Kann mir jemand einen Tipp geben, wie ich den Dateinamen richtig hinbekomme? 
In der allwissenden Müllhalde habe ich nichts brauchbares gefunden und beim Spielen mit new String(name.getBytes("xxx")) bin ich auch nicht draufgekommen wie man es machen könnte. 

Vielen Dank, Mikes222


----------



## SlaterB (17. Mai 2011)

für File.listFiles() kommst du doch an die richtigen File-Objekte,
wie sieht es damit aus, funktioniert  FileInputStream ?

vergleiche die Pfad dieser richtigen File-Objekte mit den eigenen zusammengebauten aus dem names-Array,
equals? liegt es am File.separator?
vergleiche nur den letzlichen Dateinamen, equals? vergleiche die Länge der Strings, vergleiche Zeichen für Zeichen, hole die chars heraus, caste sie auf int,
welche exakten Unterschiede bestehen in einem Beispiel?


----------



## Mikes222 (17. Mai 2011)

Danke für die schnelle Antwort. 

Es ist egal, ob ich list() oder listFiles() verwende.
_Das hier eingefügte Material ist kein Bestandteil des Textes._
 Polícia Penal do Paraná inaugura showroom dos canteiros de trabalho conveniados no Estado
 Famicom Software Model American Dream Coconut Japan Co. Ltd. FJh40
Die Datei kann nicht gelesen werden. 

Der Dateiname "Pläne" ist dezimal mit 80,108,65533,65533,110,101 kodiert. Übrigens ist jeder andere Umlaut auch mit 65533, 65533 kodiert. 

Vielleicht sollte ich noch erwähnen, daß das Java-Programm direkt unter Debian auf dem Server läuft. 

Ich habe jetzt noch testweise ein -Dfile.encoding=utf8 beim Aufruf von Java eingefügt. 
Ergebnis: Die dezimale kodierung des Dateinamens ist identisch, einzig die Fehlermeldung hat sich leicht geändert: 
java.io.FileNotFoundException (/<pfad>/Plï¿½ï¿½ne.doc (No such file or directory)

bei -Dfile.encoding=windows-1251 gehts auch nicht.

Ich muß also Java irgendwie dazu bringen, die Dateinamen richtige einzulesen. Hat jemand noch eine Idee dazu?

Danke, Mikes222


----------



## SlaterB (17. Mai 2011)

direkt weiterhelfen kann ich leider nicht, aber falls du dazu noch weiter testen willst:
wird die Datei gefunden wenn du direkt 'Pläne' im Quellcode hinschreibst?

wie sieht es aus wenn du das Programm eine Datei mit 'ä' erstellen läßt, 
wird diese dann bei direkter Angabe des Namens im Quellcode gefunden?,
ändert sich bei der list()-Behandlung etwas?

ändert sich für externe Programme wie Konsole etwas?

'Debian dateinamen umlaute' liefert übrigens manche Suchergebnisse wie
Betriebssysteme » Debian: locale, Umlaute, UTF-8 & Co. » RootForum Community » Forum
vielleicht noch weitere Suche wert

wenn die Konsole an sich schon streikt, dann eigentlich kein Java-Problem?


----------



## Mikes222 (17. Mai 2011)

Vielen Dank für Deine Hilfe. 

Der entscheidende Hinweis war der letzte Satz, daß das Problem eventuell bereits auf OS-Ebene auftritt. 

Analog zu diesem Thread debianforum.de &bull; Thema anzeigen - SSH und Umlaute habe ich nun die locales installiert und auf de-de.UTF8 eingestellt. 

Jetzt gehts. 

Mikes222


----------